Ninth Circuit Addresses Misclassification of Employees as Independent Contractors
Many businesses utilize independent contractors as part of their daily operations. Contractors are often favored by businesses over full time employees, because they allow for flexibility in retention and scheduling, are not entitled to government-mandated benefits such as workers' compensation, and are typically not offered costly benefits such as health insurance. A problem often arises, however, when the business seeks to take advantage of these positive aspects of the relationship, yet also wants to control how the contractor performs his duties.
Recently, the federal Ninth Circuit Court of Appeals addressed alleged misclassification of employees as independent contractors. In Narayan v. EGL Inc., No. 07-16487 (July 13, 2010), the plaintiffs were California-based drivers for a freight delivery service, Eagle Freight Systems, Inc. (EGL). They had signed an agreement that indicated they were independent contractors. The agreement designated Texas law as the law to be applied in any dispute over the agreement's terms. The drivers subsequently sued EGL, alleging that they were in fact employees, and sought damages under California law for overtime, expenses, and meal break compensation, among other things. Ruling that the matter was governed by Texas law, the district court granted EGL's motion for summary judgment. On appeal, the Ninth Circuit reversed.

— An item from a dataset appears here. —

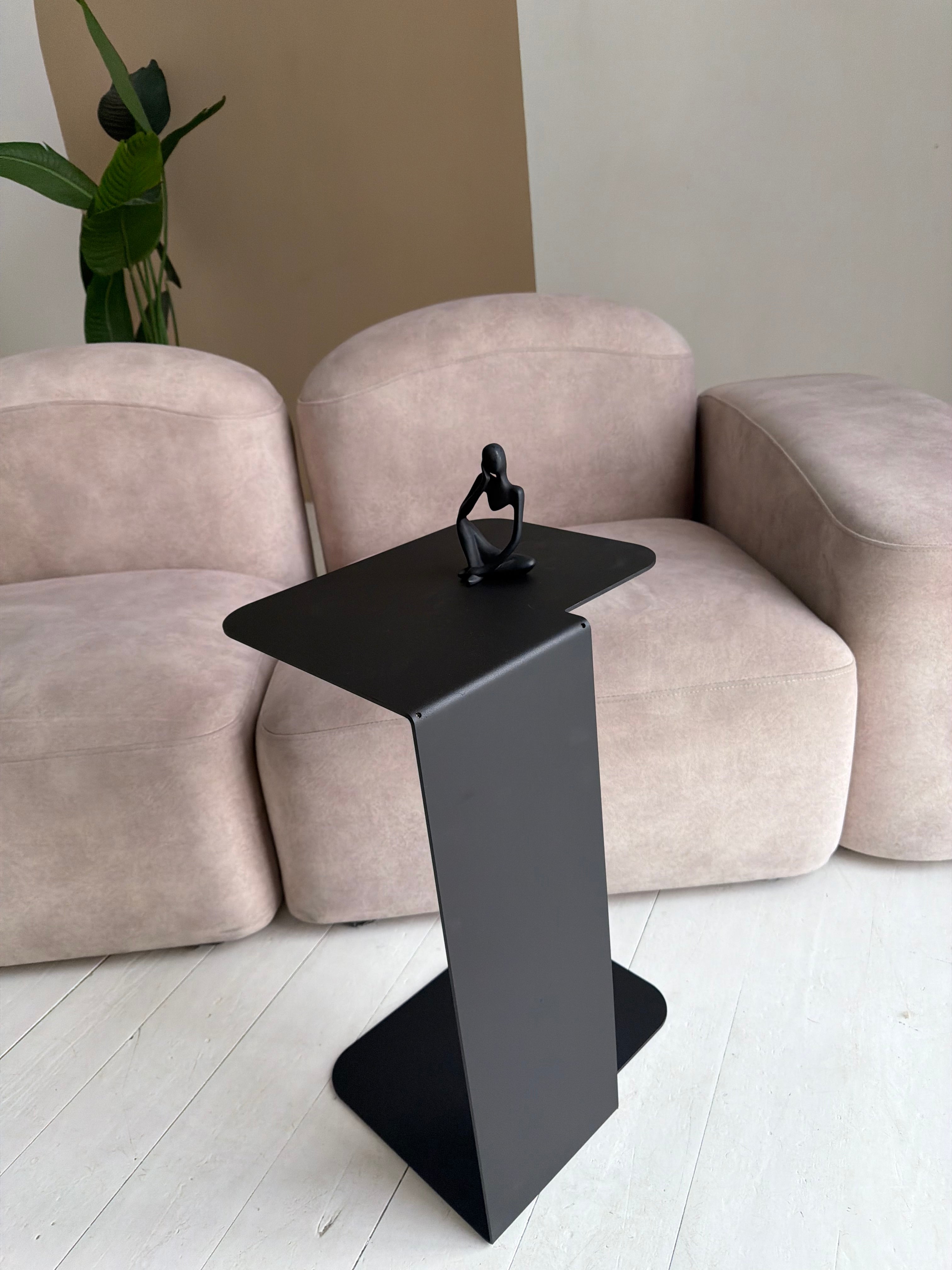Tavolino laterale in metallo moderno e minimalista, tavolino da caffè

The Ninth Circuit first determined that California law applied, because the dispute involved benefits provided under the California Labor Code, not the agreement. The Court then reviewed the relationship between the drivers and EGL. In California, a worker can establish a prima facie case of employment by demonstrating that the worker provided services for the employer. The burden then shifts to the employer to prove that the worker was in fact an independent contractor by overcoming the multi-factor test adopted by the California Supreme Court in S.G. Borello & Sons, Inc. v. Dept. of Industrial Relations (1989) 48 Cal.3d 341.